# spiders on grapes?



## kitten (Apr 26, 2009)

i dont know if i am posing this in the right area or not but does anyone here grow your own grapes? 

and those of you that do do you have issues with spiders? how do you get rid of them? i have read up on it and found some recipes to spray that include vinegar and lavendar oil but i was afraid that would affect the grapes... just thought i would stop in and ask you guys what you thought...

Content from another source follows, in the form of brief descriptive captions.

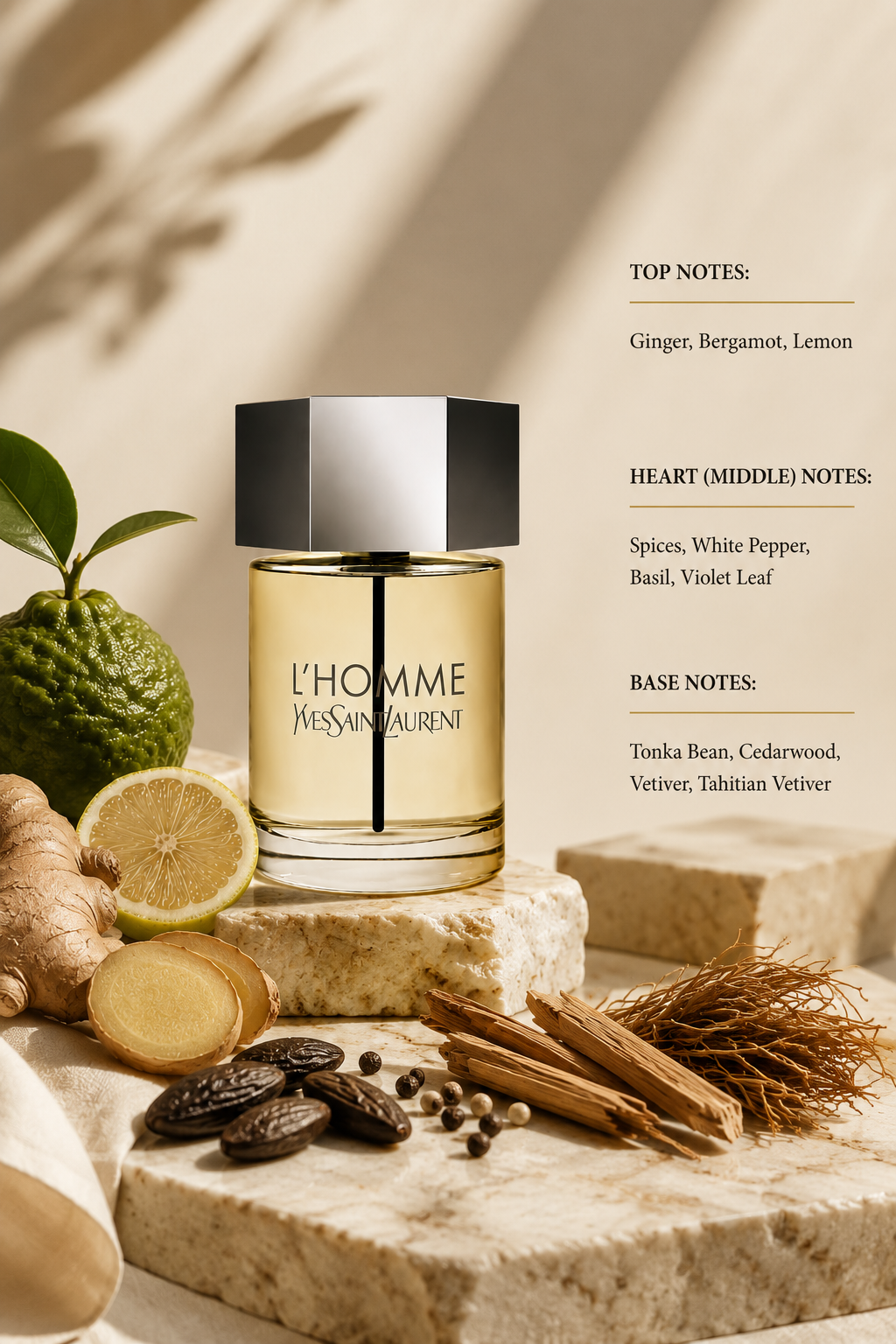 Yves Saint Laurent L'Homme 60ml EDT - Men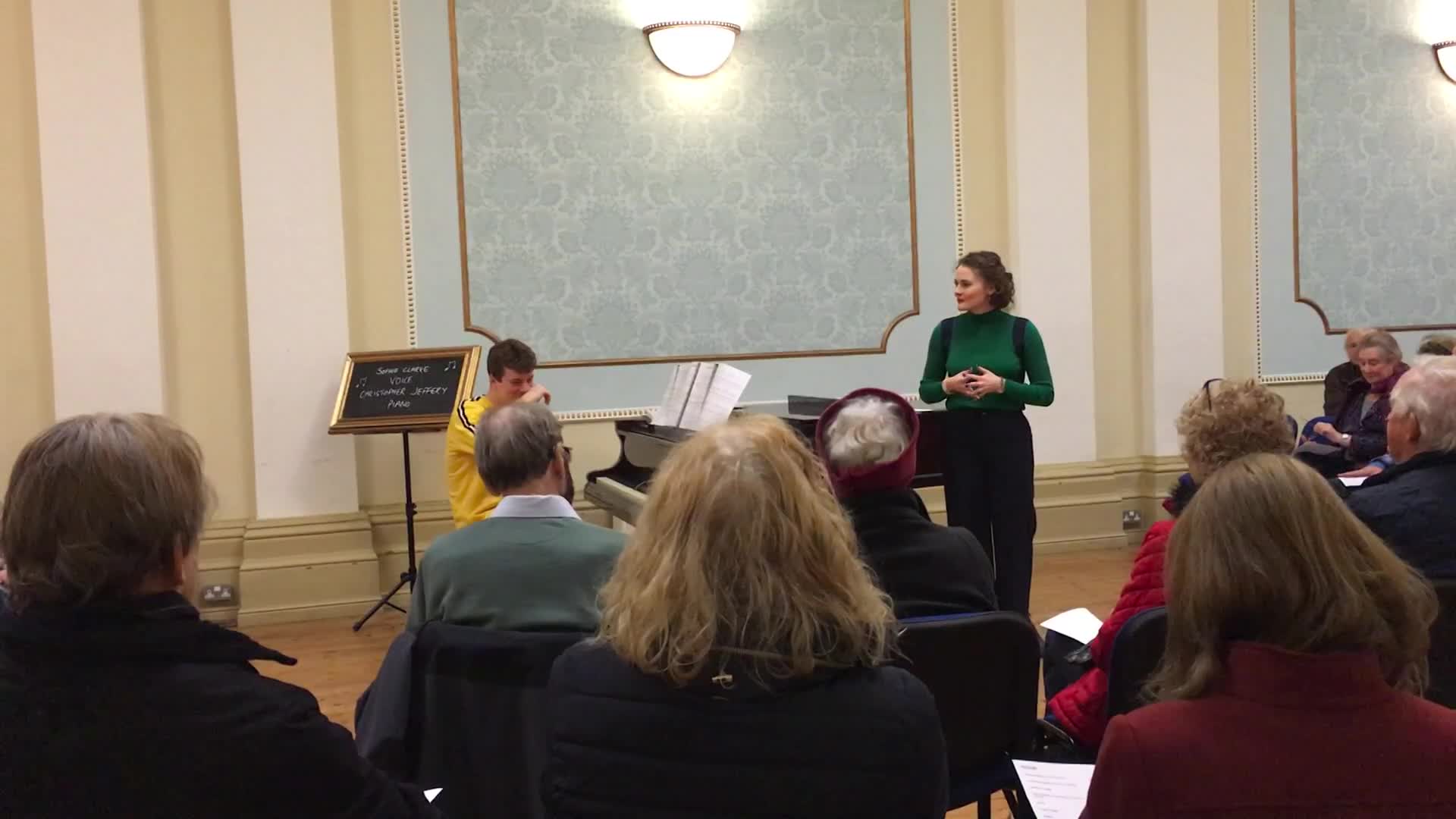 Solo Concert at Faversham Assembly Rooms (short clip)
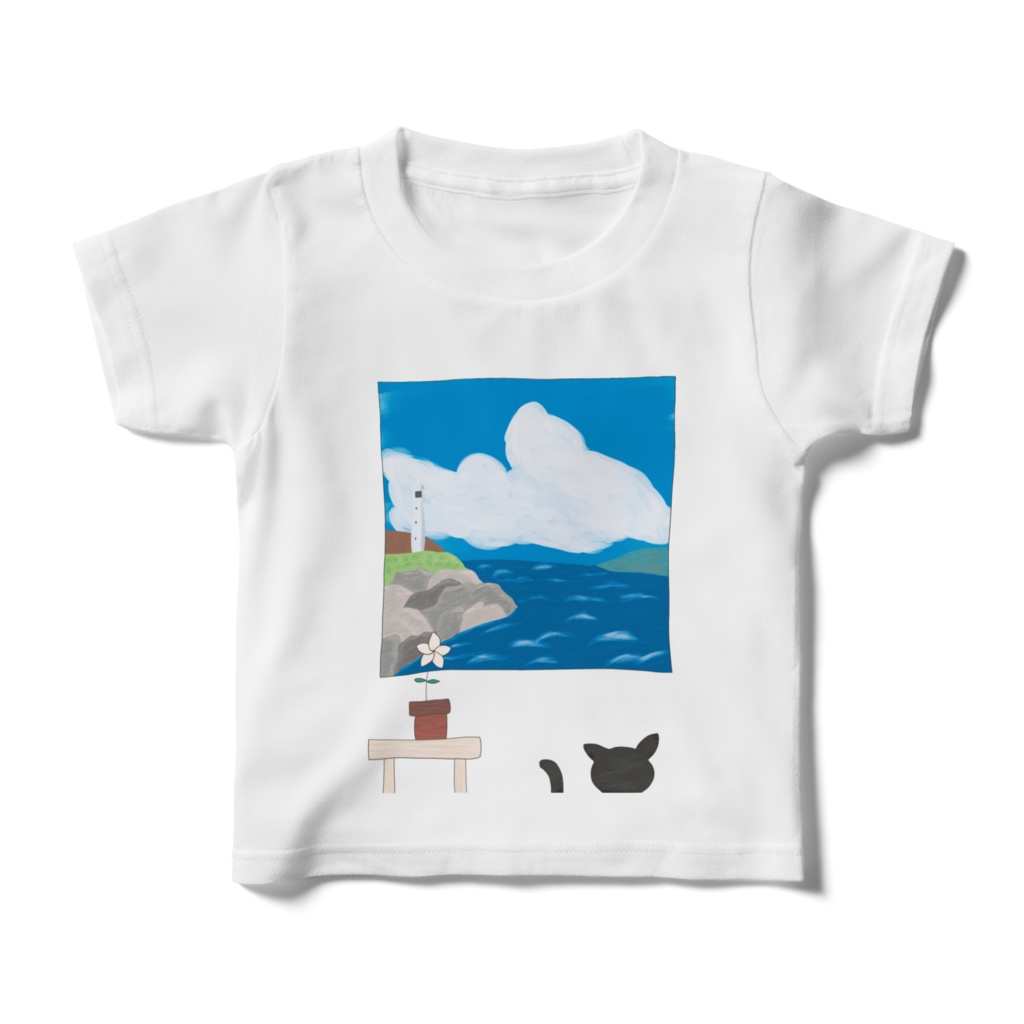 キッズTシャツ 外の海岸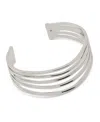 Robert Lee Morris Soho Layered Wire Cuff Bracelet In Silver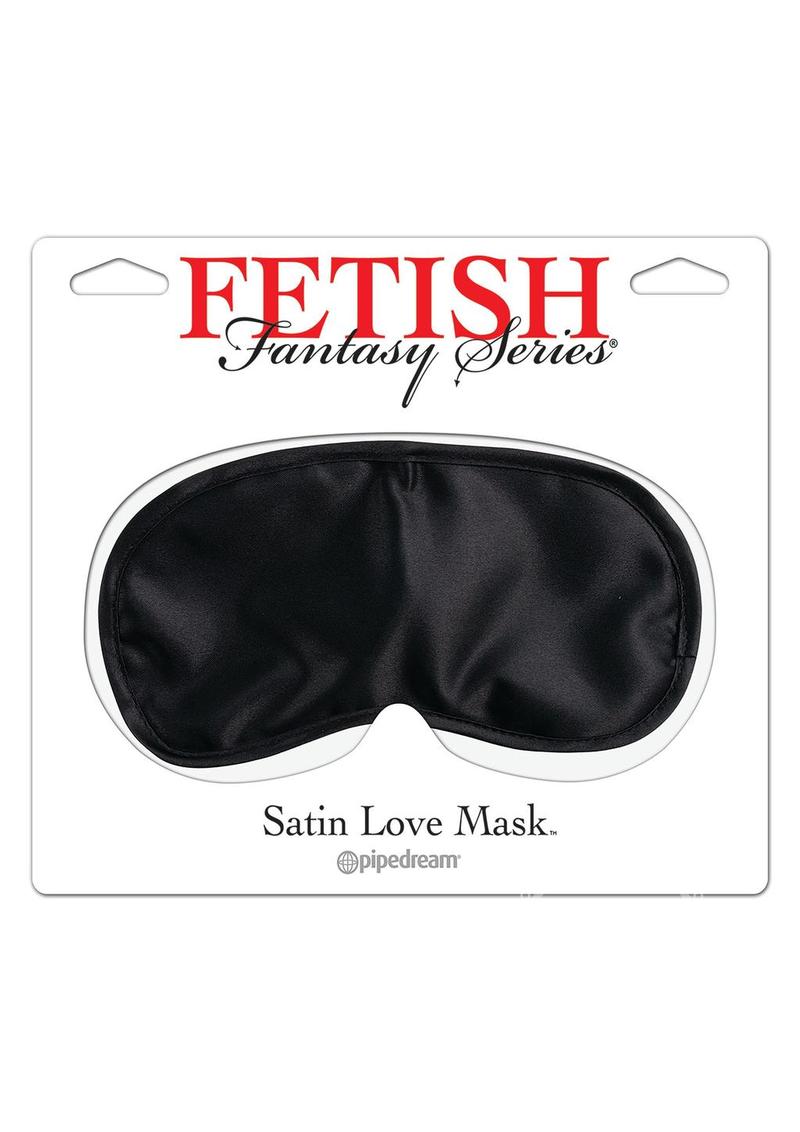 Fetish Fantasy Satin Love Mask Black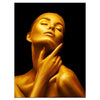 Wandbild Acrylglas Gold collection, Frau in Gold, rote Nägel, Edel M0074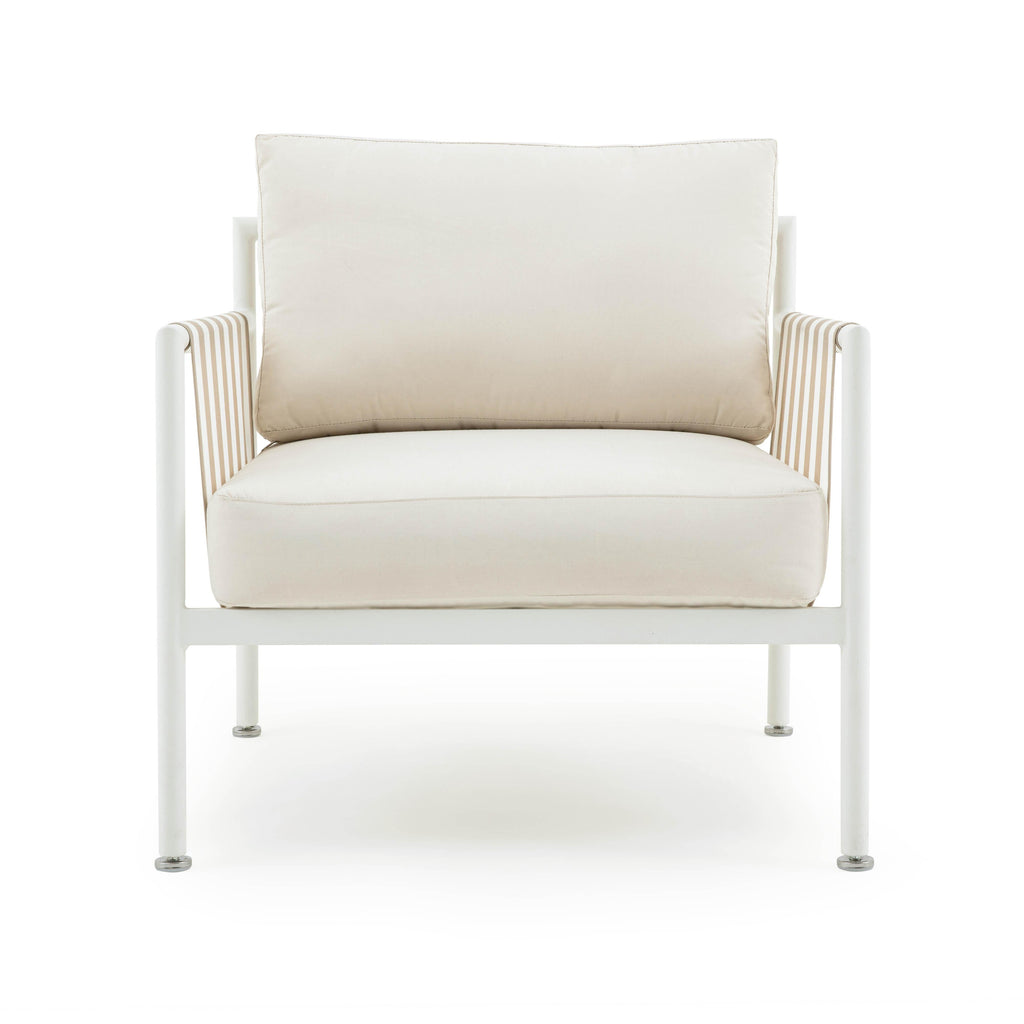 Dunes Cream Outdoor Accent Chair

any info at all will be welcome


----------



## Tom (Apr 26, 2009)

Are you talking about when its time for picking?
If so, a little "protien" won't hurt. The vineyards dont spray the spiders off just before picking. 
Relax have a glass of wine.


----------



## Racer (Apr 26, 2009)

Don't spray anything on your grapes near harvest (unless you want that taste in your wine). If you find any "floaters" in with your de-stemmed and crushed grapes go ahead and remove them but dont think they'll hurt your wine, it will be o.k. with or without them.


----------



## Manimal (Apr 26, 2009)

Spiders are most likely beneficial creatures to have living in your vine canopy. They don't harm the fruit and since they prey on insects they may help keep harmful pest populations at bay. Once you've harvested your grapes, you should sort them to cut out any rotten or damaged fruit and while you do this, you can remove any critters as you discover them. If a few get in the must, no big deal. However, there are some insects that are worth paying attention to as they can taint your wine... up here in Ontario we have had an explosion of Multi-coloured Asian Ladybird Beetles (MALB) in the past decade or so, and they give off a foul-smelling compound that can be detected at only a few parts per billion. They look almost like regular ladybugs. In 2001, when these insects first started to appear in large numbers, tens of thousands of liters of commercial wine had to be dumped due to ladybug taint. Since then, commercial wineries have been very successful at eliminating this problem through various viticultural and winemaking approaches, but for the home winemaker, I'd be extra wary of any ladybugs on your vines... even touching them with your fingers to pull them off the fruit can cause them to release the foul-smelling compound. You need to remove them by shaking or by pulling them off with metal implements such as pruners. The resulting taint in the wine is akin to rotten peanuts and can range from mild to very severe depending on the number of ladybugs in the must.


----------



## kiljoy (May 12, 2009)

I live on the lake and the amount of spiders here are crazy! I pick the bunches and put them in buckets. Then I fill the buckets with hose water and wait a few minutes. Spiders, earwhigs, etc. start to float to the top. Then I pull each bunch out one by one and spray them off with the shower setting on my hose and transfer into a another bucket. Still there are some left. You can't get them all.


----------